GATA ile ilgili tartışmalar daha çok askeri doktor ve hemşireler merkezli tartışılıyor, ki bu konudaki endişe ve tespitlerin tamamı doğru. Nitekim tepkiler üzerine Milli Savunma Bakanı Fikri Işık, Sağlık Bakanı Recep Akdağ, Genelkurmay Başkanı Orgeneral Hulisi Akar ve 2. Başkan Orgeneral Ümit Dündar bir araya gelerek, GATA’nın kapatılmasıyla askeri hekimlikte ortaya çıkan sorunları giderecek kararlar aldı.
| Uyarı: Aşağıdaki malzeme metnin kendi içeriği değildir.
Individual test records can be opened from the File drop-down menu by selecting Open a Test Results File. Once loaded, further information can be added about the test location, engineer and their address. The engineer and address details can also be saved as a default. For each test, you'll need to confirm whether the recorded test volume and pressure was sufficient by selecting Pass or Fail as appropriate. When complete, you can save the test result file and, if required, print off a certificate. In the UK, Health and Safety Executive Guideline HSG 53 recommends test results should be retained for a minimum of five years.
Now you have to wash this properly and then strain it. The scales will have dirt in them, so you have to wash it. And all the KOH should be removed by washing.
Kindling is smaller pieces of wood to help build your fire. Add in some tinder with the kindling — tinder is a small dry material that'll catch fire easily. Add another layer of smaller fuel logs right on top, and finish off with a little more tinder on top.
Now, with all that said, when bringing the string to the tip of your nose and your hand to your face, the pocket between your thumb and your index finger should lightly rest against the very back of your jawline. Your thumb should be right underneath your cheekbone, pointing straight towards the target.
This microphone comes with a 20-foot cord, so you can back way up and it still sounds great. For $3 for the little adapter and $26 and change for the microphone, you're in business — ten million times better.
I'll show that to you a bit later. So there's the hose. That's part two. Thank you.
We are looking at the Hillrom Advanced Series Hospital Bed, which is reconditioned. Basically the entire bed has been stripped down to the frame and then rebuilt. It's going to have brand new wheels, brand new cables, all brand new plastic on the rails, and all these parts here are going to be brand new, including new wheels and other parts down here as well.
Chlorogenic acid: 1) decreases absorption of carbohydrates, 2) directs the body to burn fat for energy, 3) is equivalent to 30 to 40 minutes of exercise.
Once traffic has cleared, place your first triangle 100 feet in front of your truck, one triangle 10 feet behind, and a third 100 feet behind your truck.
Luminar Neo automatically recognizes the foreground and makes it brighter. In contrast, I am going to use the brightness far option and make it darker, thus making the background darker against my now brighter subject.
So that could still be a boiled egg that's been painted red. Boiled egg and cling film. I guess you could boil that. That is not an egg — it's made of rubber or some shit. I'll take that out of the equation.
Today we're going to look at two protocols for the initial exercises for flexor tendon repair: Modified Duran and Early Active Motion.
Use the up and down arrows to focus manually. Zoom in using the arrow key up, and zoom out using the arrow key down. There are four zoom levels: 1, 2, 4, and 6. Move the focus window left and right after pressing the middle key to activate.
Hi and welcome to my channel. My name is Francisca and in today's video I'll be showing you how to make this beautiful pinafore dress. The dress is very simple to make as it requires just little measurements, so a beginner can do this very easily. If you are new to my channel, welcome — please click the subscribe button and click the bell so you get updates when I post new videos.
Ancak işin bir de sivil personel kısmı var. Yıllarca askeri hastanelerde çalışmışlar, tecrübe ve bilgi birikimiyle bir kurumsal aidiyet oluşmuş. Şimdi ise durumları, nerede, ne iş yapacakları belirsiz. Dahası kazanılmış haklarını kaybetmiş durumdalar.

Tam 7 bin sivil personelin mağduriyetinden söz ediliyor.

Şöyle ki;

31 Temmuz’da yürürlüğe giren 669 sayılı Kanun Hükmünde Kararname’de askeri hastanelerin Sağlık Bakanlığı’na devrinin yanısıra personelin durumu da düzenlendi ve sözkonusu kararname uyarınca oluşturulan komisyon 2-3 Ağustos’ta yaptığı toplantıyla devrin teknik detaylarını belirledi.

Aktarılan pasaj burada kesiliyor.